DIE FDP ENTDECKT IHR HERZ FÜR DEN SOLIDARITÄTSZUSCHLAG: Die Wende der Wende der Wende einleiten
Es gibt ein wunderbares Foto, das eine Zeitung aus dem Umfeld von Cornelia Pieper, der künftigen FDP-Generalsekretärin, abdruckte. Es zeigt den sympathischen Kaufmannsladen ihres Ehemannes in Halle-Südstadt. Klein, unscheinbar und verloren in einer Gegend grau-brauner Tristesse. Mit diesem Bild im Kopf kann es nun wahrlich nicht mehr verwundern, dass Frau Pieper ihre Stimme erhoben hat und ruft: Der Solidaritätszuschlag muss bleiben!
Dass ihr niemand in der Führung der Bundespartei so recht widerspricht, war vorauszusehen. Hat doch die FDP noch jeden Etikettenwechsel vollzogen, um irgendwie in den Parlamenten zu bleiben: Partei der Besserverdienenden (Westerwelle), Partei für das Volk (Westerwelle), Volkspartei (Möllemann). Nun also will man ein Stück weit wieder die Partei des Solidaritätszuschlags (Pieper) sein. Erstaunt? Das sollte niemand sein. Vor einigen Monaten erst entdeckte Westerwelle sein Herz für das Soziale. So war es also nur eine Frage der Opportunität, bis man sich der Solidarität auch noch erinnerte. Natürlich: Um den Bogen nicht ganz zu überspannen, sucht man die überzeugten Neoliberalen, die es bei der FDP ja auch geben soll, mit einem Wechselschein zu trösten: Der Solidaritätszuschlag falle, sobald ein steuerliches Gesamtkonzept möglich sei! Das kommt sicherlich und bald – so gewiss wie Möllemanns 18-Prozent-Partei.

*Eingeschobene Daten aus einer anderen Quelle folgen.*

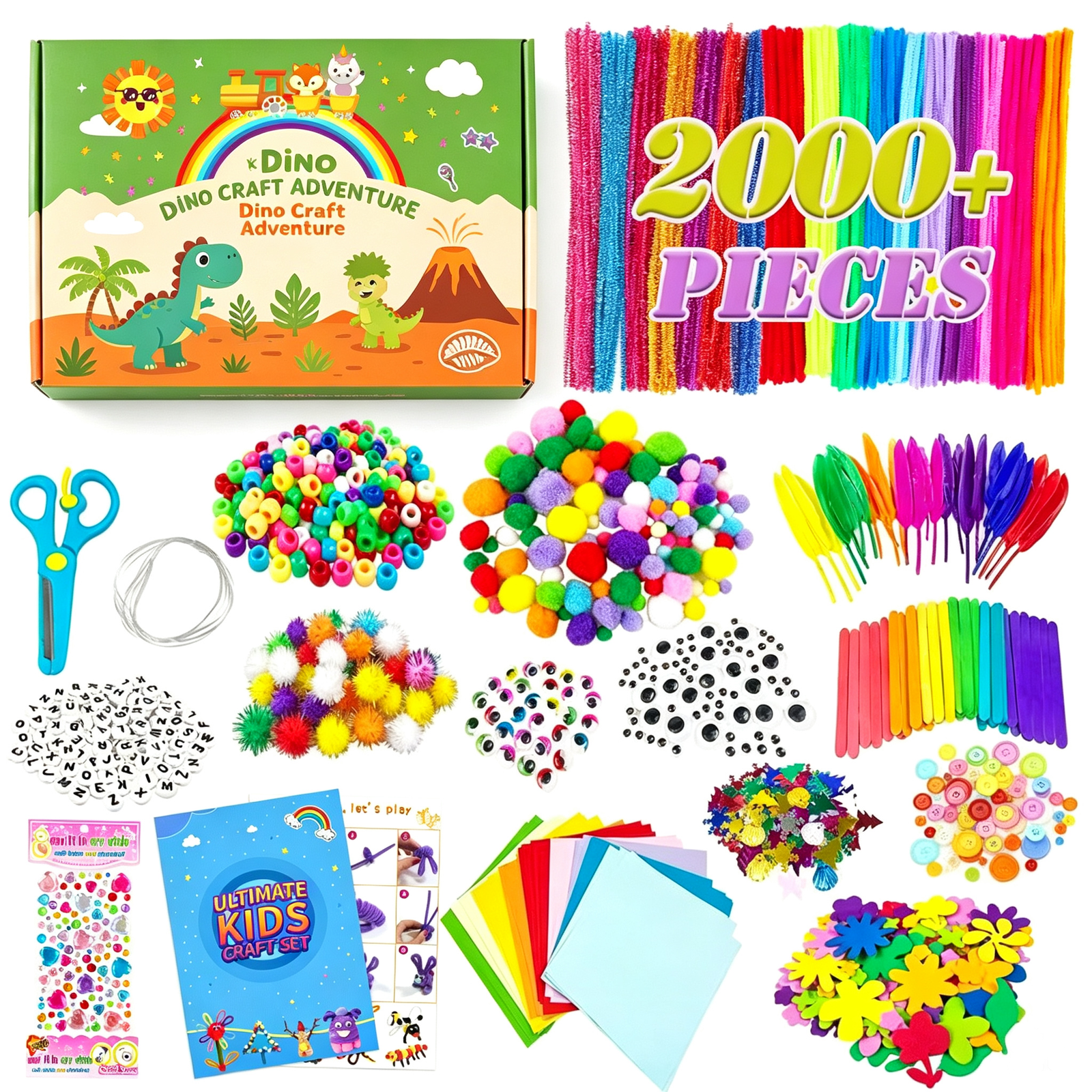 Eco-friendly Glitter Pom Poms Craft DIY Kit Kids Toys Educational Art Crafts for Home Projects Eco-friendly Glitter Pom Poms Craft DIY Kit Kids Toys Educational Art Crafts for Home Projects - Image 1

Man darf getrost annehmen, dass Frau Pieper ihren liberal-revolutionären Vorschlag mit Westerwelle abgestimmt hat. Der nächste Parteichef ist wenig zimperlich, wenn es darum geht, die FDP im Geschäft zu halten. Da kommt ihm Frau Pieper gerade recht. Und auch sie denkt natürlich nicht nur allein an den darbenden Osten. 2002 sind in ihrer Heimat Sachsen-Anhalt Landtagswahlen. Dort soll die Wiederauferstehung der Ost-Liberalen gefeiert werden. Einst, nach der Wende, hatte Hans-Dietrich Genscher, gebürtiger Hallenser, seiner Partei Ergebnisse eingefahren, die heute wie Kunden aus einem Märchenland klingen. Danach ging es schnell bergab, auch weil die Partei gekonnt an fast allem vorbeiredete, was den Ost-Bürger bewegte. Nur in manchen Kommunen blieb sie präsent – meist dann, wenn sie sich möglichst fern der Vorgaben der westlich geprägten Bundeszentrale hielt.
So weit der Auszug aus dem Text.